Although the plan is broadly the same in both cases, we've gone from execution time of 177ms to execution time exceeding 2s.

https://thanos-query.ops.gitlab.net/graph?g0.range_input=4w&g0.max_source_resolution=0s&g0.expr=sum(rate(sidekiq_jobs_db_seconds_sum%7Benvironment%3D%22gprd%22%2C%20type%3D%22sidekiq%22%2C%20stage%3D%22main%22%2C%20queue%3D%22cronjob%3Aupdate_all_mirrors%22%7D%5B1h%5D))&g0.tab=0 shows that the DB duration of the UpdateAllMirrorsWorker - which runs this query - has been steadily increasing over time:

Possible solutions

Improve the query to be more specific

@ahegyi gave a very helpful analysis in gitlab-com/gl-infra/production#2027 (comment 333895196). Excerpted:

If I understand the query plan correctly, we had to scan 50k projects to get 500 matching projects (https://explain.depesz.com/s/wFMg)

Proposal:

Build a subselect from this query:
select project_id from project_mirror_data import_state 
where "import_state"."status" NOT IN ('scheduled', 'started')
AND next_execution_timestamp <= '2020-04-29 15:03:13.433262'
and import_state.retry_count <= 14 
order by next_execution_timestamp
LIMIT 500
projects = Project.where(complex_plan_query_conditions).where(id: subselect_query)
This will give you <=500 items that are matching the search conditions. You can easily get ~500 records if run this query in a loop with different offsets (pagination on the subselect).
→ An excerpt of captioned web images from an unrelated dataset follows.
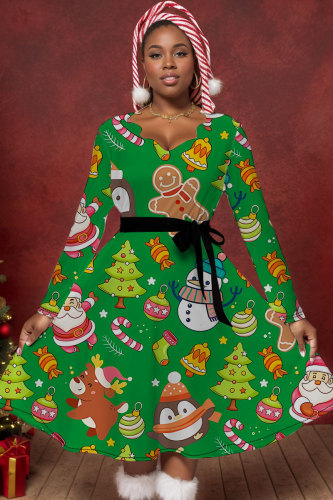 Green Casual Print With Belt V Neck A Line Dresses
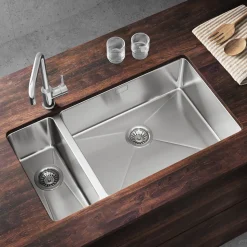 Vellamo Designer 1.5 Bowl Inset/Undermount Stainless Steel Kitchen Sink & Waste Kit - 800 x 440mm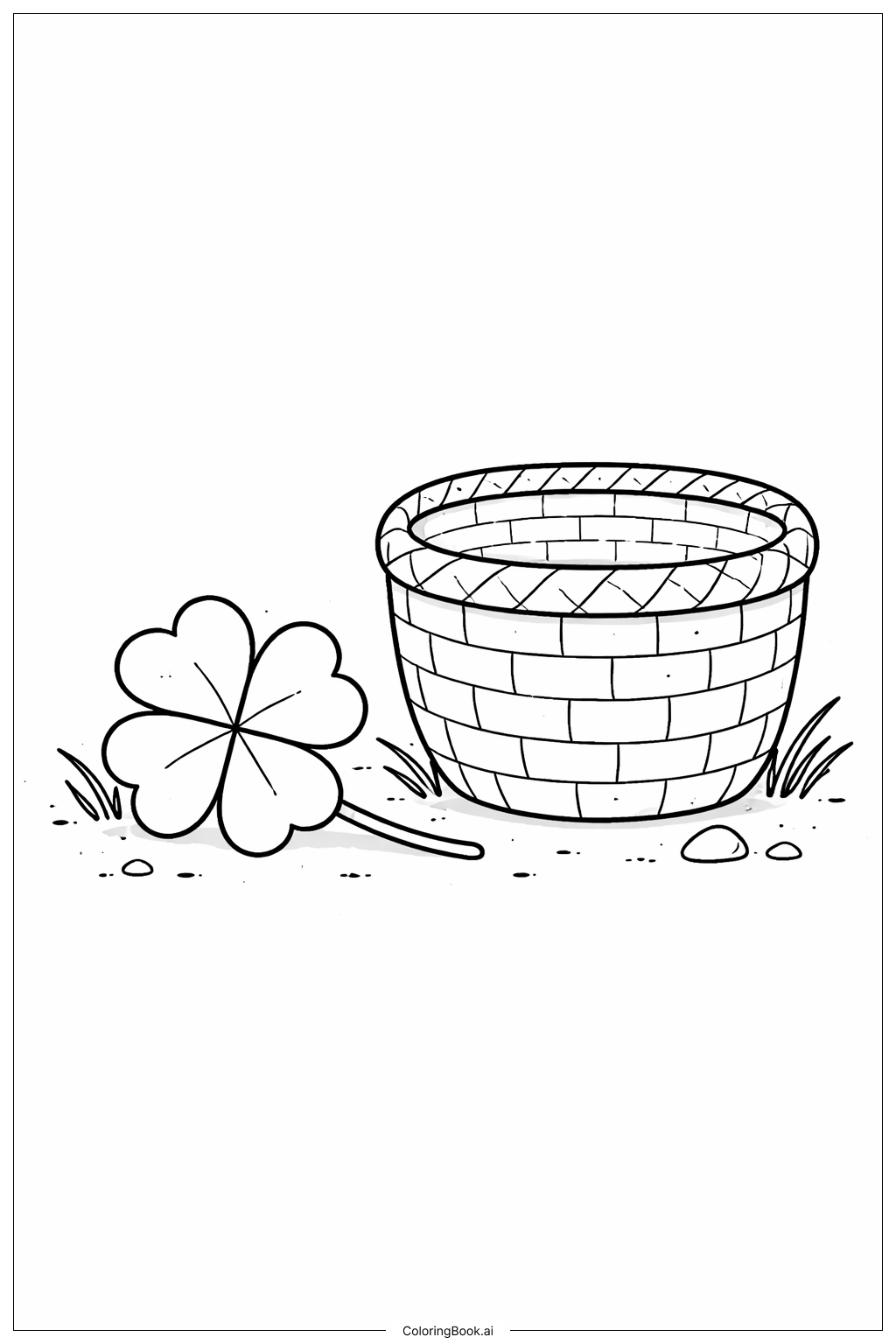  四叶草和篮子填色页 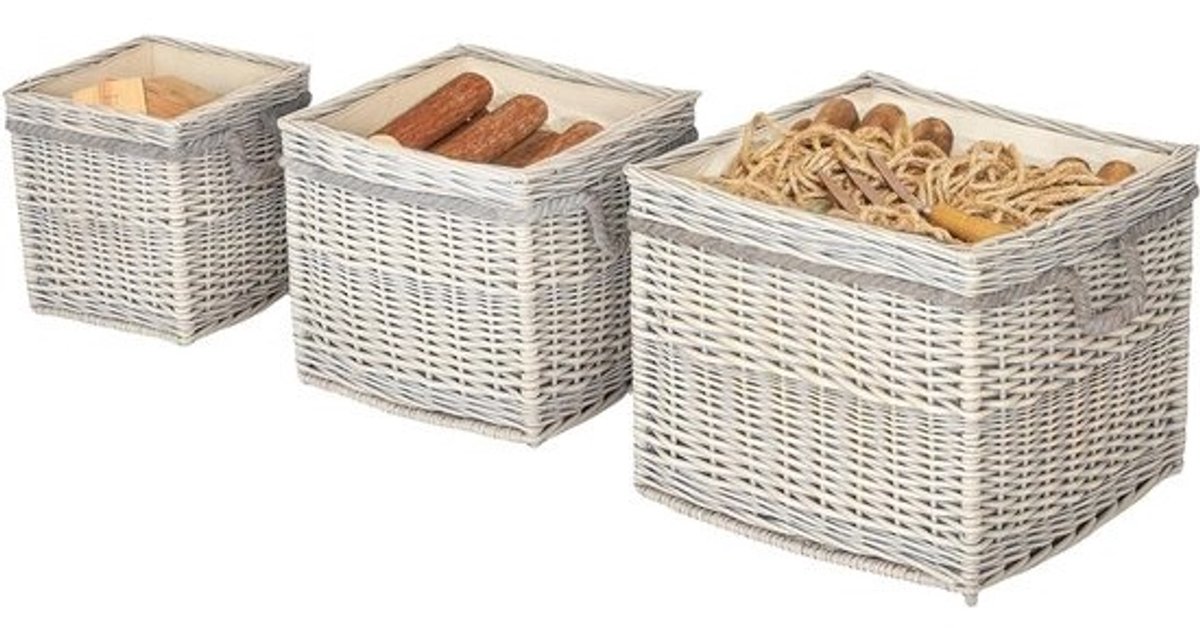 Houten manden set - Ronde opbergers - Haardhout opslag - Met stoffen voering - 3 maten - Beige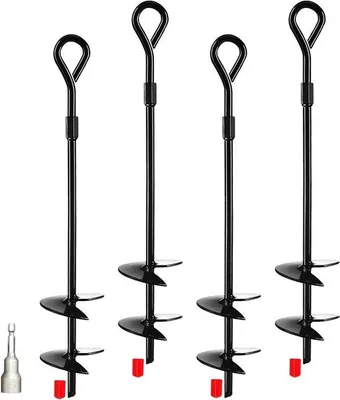 Zdjęcie produktu dla wytrzymała kotwa gruntowa o długości 40 cm do pawilonu, trampoliny, namiotu kempingowego, huśtawki, wiaty samochodowej z podwójną konstrukcją spiralną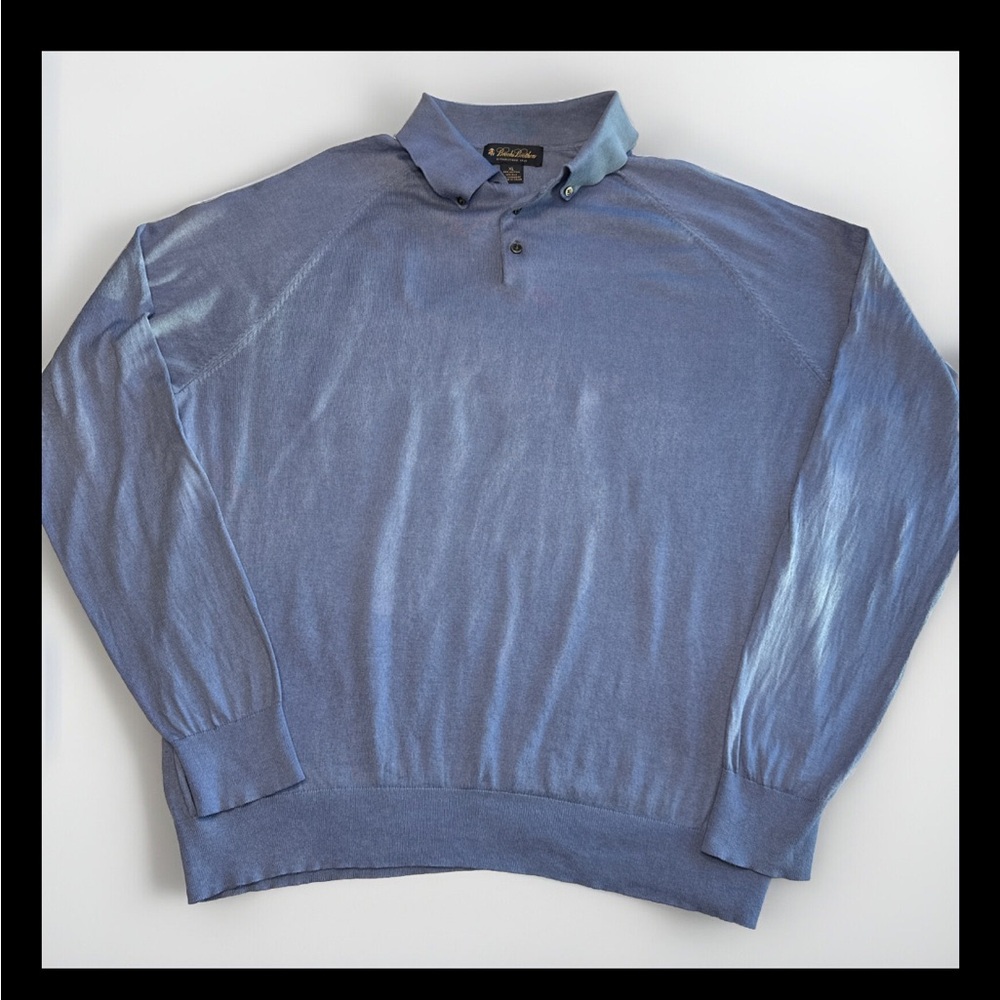 Brooks Brothers Sweater Mens XL Blue Silk Cashmere Cotton Blend Pullover EUC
Mark unlicensed mirrors as no longer mirrors

Another possible solution was mentioned by @reprazent in #212074 (comment 309322592):

What if, instead of still trying 15 times, we use the ProjectImportScheduleWorker to update the project so it is no longer marked as a mirror:
diff --git a/ee/app/workers/project_import_schedule_worker.rb b/ee/app/workers/project_import_schedule_worker.rb
index ac809cbbf8b..c895cb5c434 100644
--- a/ee/app/workers/project_import_schedule_worker.rb
+++ b/ee/app/workers/project_import_schedule_worker.rb
@@ -16,7 +16,11 @@ class ProjectImportScheduleWorker # rubocop:disable Scalability/IdempotentWorker
     raise ImportStateNotFound unless project&.import_state
 
     with_context(project: project) do
-      project.import_state.schedule
+      if project.mirror?
+        project.import_state.schedule
+      else
+        project.update(mirror: false)
+      end
     end
   end
 end
The Project#mirror? method is already overriding this attribute, so flipping this would make sure the database is in sync with the license.

This would cause that the mirror is no longer included in the query in UpdateAllMirrorsWorker, meaning we don't need to go over this project again in the next pass.

At the time, I didn't like that option because it meant upgrading wouldn't get mirroring working automatically without some extra work. But maybe it's the simplest option.

Additional considerations

We use similar queries in gitlab-exporter: https://gitlab.com/gitlab-org/gitlab-exporter/-/merge_requests/110 Any changes we make in the application should be reflected there. (gitlab-com/gl-infra/scalability#342 discusses making this kind of sampling the responsibility of the application.)